**Work instructions**
A verbatim transcript of the data that follows, free of images, is the expected result.

(Dataset content begins)

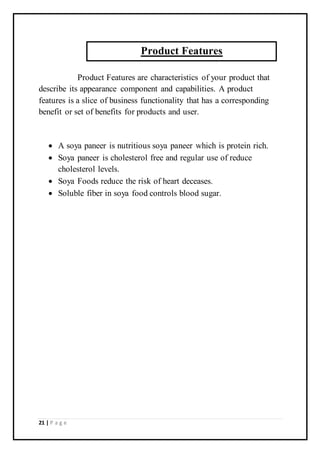 21 | P a g e
Product Features are characteristics of your product that
describe its appearance component and capabilities. A product
features is a slice of business functionality that has a corresponding
benefit or set of benefits for products and user.
 A soya paneer is nutritious soya paneer which is protein rich.
 Soya paneer is cholesterol free and regular use of reduce
cholesterol levels.
 Soya Foods reduce the risk of heart deceases.
 Soluble fiber in soya food controls blood sugar.
Product Features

(Dataset content ends)

**Output for this exercise**
 21 | P a g e
Product Features are characteristics of your product that
describe its appearance component and capabilities. A product
features is a slice of business functionality that has a corresponding
benefit or set of benefits for products and user.
 A soya paneer is nutritious soya paneer which is protein rich.
 Soya paneer is cholesterol free and regular use of reduce
cholesterol levels.
 Soya Foods reduce the risk of heart deceases.
 Soluble fiber in soya food controls blood sugar.
Product Features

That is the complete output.